Femtosecond laser pulse-tissue interaction has been investigated extensively for a variety of biological applications. Ultrafast laser pulses have been demonstrated as a tool for intra-tissue nano-dissection of single plastids17, dissection of fixed and dried metaphase human chromosomes18, cell membrane attachment19, neuronal attachment19, and the ablation of a single mitochondrion20. Additionally, fs laser-pulses have been used to non-invasively create reversible pores on the membranes of live cells and zebrafish embryos21,22,23,24. Femtosecond laser pulses far surpass the tissue interaction capabilities of other laser systems due to the unique non-linear, multiphoton interaction between fs laser-pulses and biological tissue.
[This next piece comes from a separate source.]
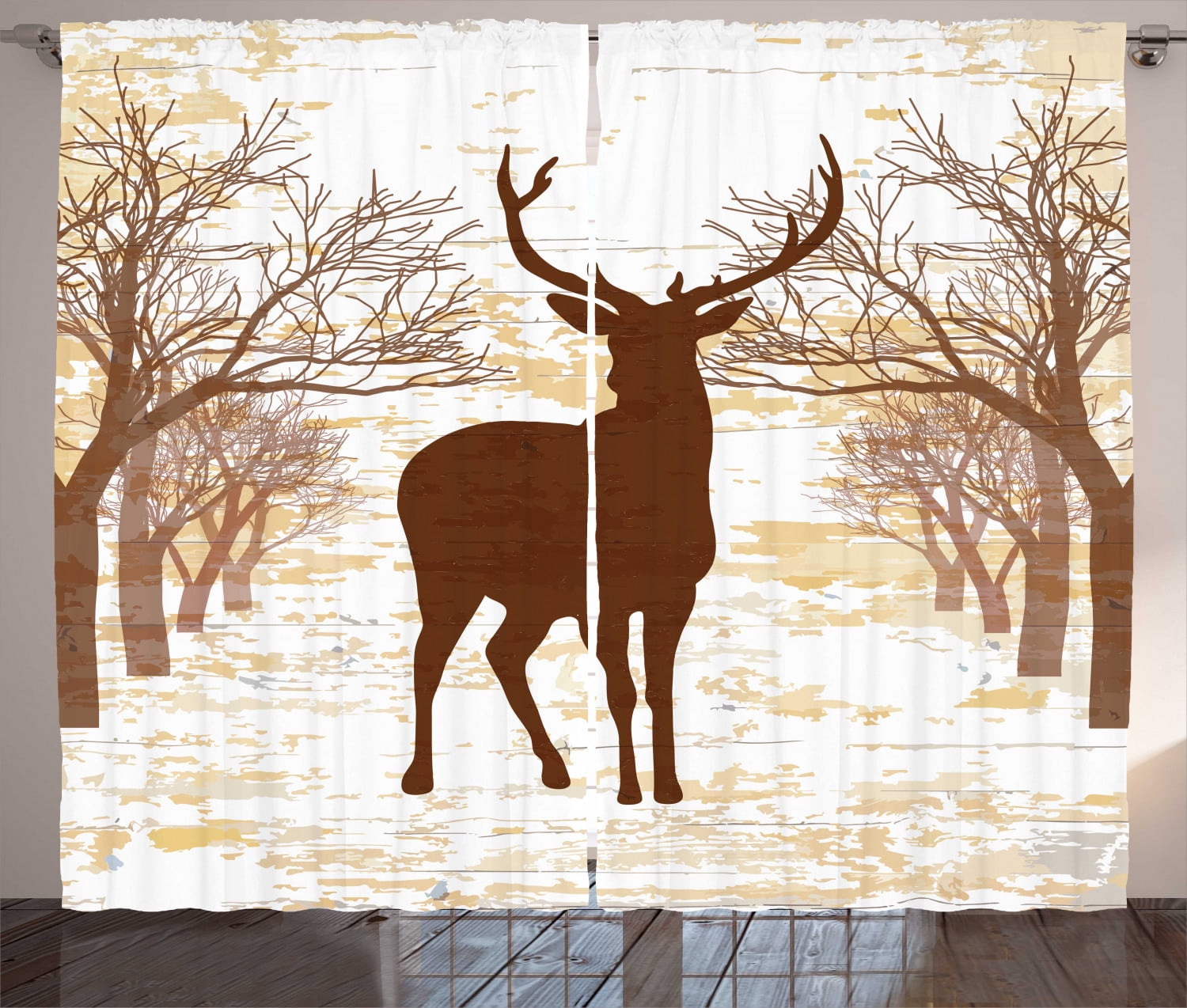 Deer Hunting Curtains 2 Panels Set, Vintage Reindeer in Forest Rustic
For near-infrared femtosecond laser pulse excitation, multiphoton absorption of the photons occurs on the time scale corresponding to the duration of the pulse. This exposure time is much shorter than the time scale of electron-ion energy transfer and the thermal diffusion time. Thus, the electronic excitation is efficiently de-coupled from the thermal relaxation process. Energetic electrons are created locally before they can transfer their energy to the surrounding, minimizing cavitation bubble formation, as well as heat deposition. Above the laser pulse intensity threshold, the electron density grows exponentially since electrons ionized at the leading edge of the femtosecond laser pulse initiate a self-seeding avalanche ionization process. This process creates a high-density plasma that results in a plasma mediated ablation in the targeted material25,26. These properties make the fs laser an excellent tool for tissue manipulation as the effects of the laser pulse-tissue interaction are highly confined to the focal spot.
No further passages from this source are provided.